[<prev] [next>] [thread-next>] [day] [month] [year] [list]
Message-ID: <20250521095239.0b254e36@gandalf.local.home>
Date: Wed, 21 May 2025 09:52:39 -0400
From: Steven Rostedt <rostedt@...dmis.org>
To: fengtian guo <fengtian_guo@...mail.com>
Cc: Ingo Molnar <mingo@...hat.com>, Peter Zijlstra <peterz@...radead.org>,
Juri Lelli <juri.lelli@...hat.com>, Vincent Guittot
<vincent.guittot@...aro.org>, Dietmar Eggemann <dietmar.eggemann@....com>,
Ben Segall <bsegall@...gle.com>, Mel Gorman <mgorman@...e.de>,
"linux-kernel@...r.kernel.org" <linux-kernel@...r.kernel.org>, Sebastian
Andrzej Siewior <bigeasy@...utronix.de>
Subject: Re: [PATCH RT] Possible spinlock deadlock in kernel/sched/rt.c
under high load
On Wed, 21 May 2025 10:35:53 +0000
fengtian guo <fengtian_guo@...mail.com> wrote:
> hardward: On arm64 with 32 cores
>
> First Deadlock Root Cause Analysis
> The initial deadlock occurs due to
> unprotected spinlock access between
> an IRQ work thread and a hardware interrupt on the same CPU
> Here is the critical path:
> Deadlock Sequence
> IRQ Work Thread Context (RT priority):
>
> irq_work → rto_push_irq_work_func → raw_spin_lock(&rq->lock) → push_rt_task
> The rto_push_irq_work_func thread acquires rq->lock without disabling interrupts
rto_push_irq_work_func() must be called with interrupts disabled. If it is
not, then that's a bug in the implementation of irq_work!
>
> Hardware Interrupt Context (Clock timer):
> hrtimer_interrupt → __hrtimer_run_queues → _run_hrtimer → hrtimer_wakeup →
> try_to_wake_up → ttwu_queue → raw_spin_lock(&rq->lock)
>
> The clock interrupt preempts the IRQ work thread while it holds rq->lock.

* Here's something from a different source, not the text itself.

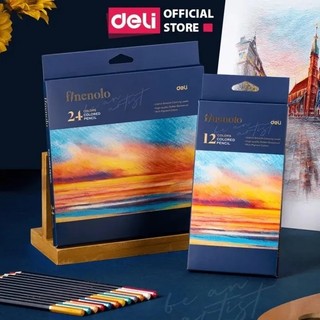 Chì màu 12 màu finenolo deli ec131-12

> The interrupt handler attempts to acquire the same rq->lock via ttwu_queue
> , causing a double-lock deadlock.
> Signed-off-by: Fengtian Guo <fengtian_guo@...mail.com>
> ---
> kernel/sched/rt.c | 5 +++--
> 1 file changed, 3 insertions(+), 2 deletions(-)
>
> diff --git a/kernel/sched/rt.c b/kernel/sched/rt.c
> index 5dc1ee8dc..52a2e7bce 100644
> --- a/kernel/sched/rt.c
> +++ b/kernel/sched/rt.c
> @@ -2131,6 +2131,7 @@ void rto_push_irq_work_func(struct irq_work *work)

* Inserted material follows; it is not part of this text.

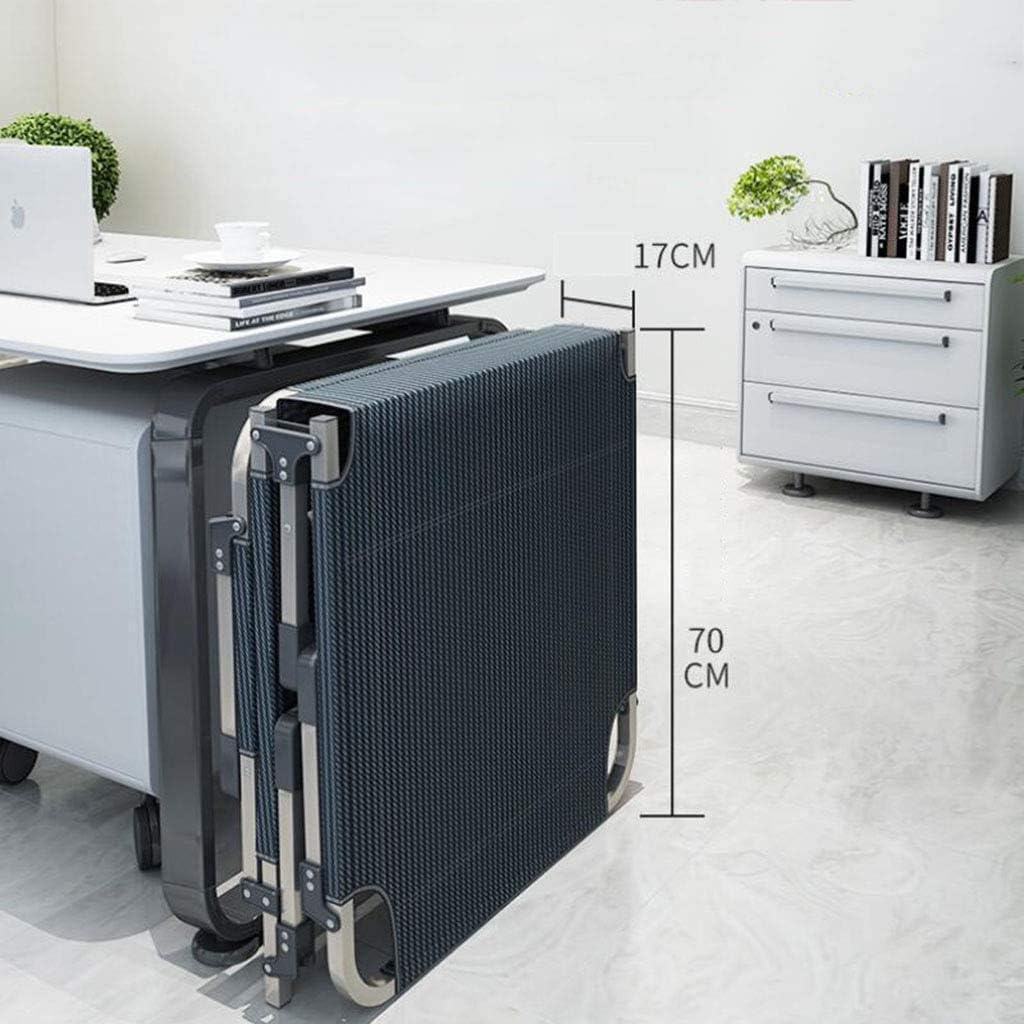 Opvouwbare Ligstoel – Draagbaar Campingbed voor Volwassenen en Kinderen – Sterke Stalen Constructie met Dubbel Laags 1200D Oxford Stof – Comfortabel Strandbed, Reisbed of Logeerbed – Inklapbaar Vouwbed met Hoofdkussen – Groen Gestreept Ontwerp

> container_of(work, struct root_domain, rto_push_work);
> struct rq *rq;
> int cpu;
> + unsigned long flags;
>
> rq = this_rq();
>
> @@ -2139,10 +2140,10 @@ void rto_push_irq_work_func(struct irq_work *work)

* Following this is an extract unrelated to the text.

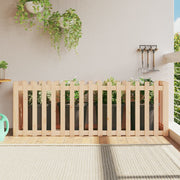 Vidaxl plantenbak verhoogd met hekontwerp 200x50x70 cm grenenhout - afbeelding 1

> * When it gets updated, a check is made if a push is possible.
> */
> if (has_pushable_tasks(rq)) {
> - raw_spin_lock(&rq->lock);
> + raw_spin_lock_irqsave(&rq->lock, flags);
> while (push_rt_task(rq, true))
> ;
> - raw_spin_unlock(&rq->lock);
> + raw_spin_unlock_irqrestore(&rq->lock, flags);
interrupts should *NEVER* be enabled here!
> }
>
> raw_spin_lock(&rd->rto_lock);
> --
In kernel/sched/topology.c we have:
rd->rto_push_work = IRQ_WORK_INIT_HARD(rto_push_irq_work_func);
That IRQ_WORK_INIT_HARD() means that this function must always be called
from hard interrupt context (or interrupts disabled). Even when PREEMPT_RT
is enabled.
If the irq_work is being called without interrupts disabled, there's a bug
somewhere else.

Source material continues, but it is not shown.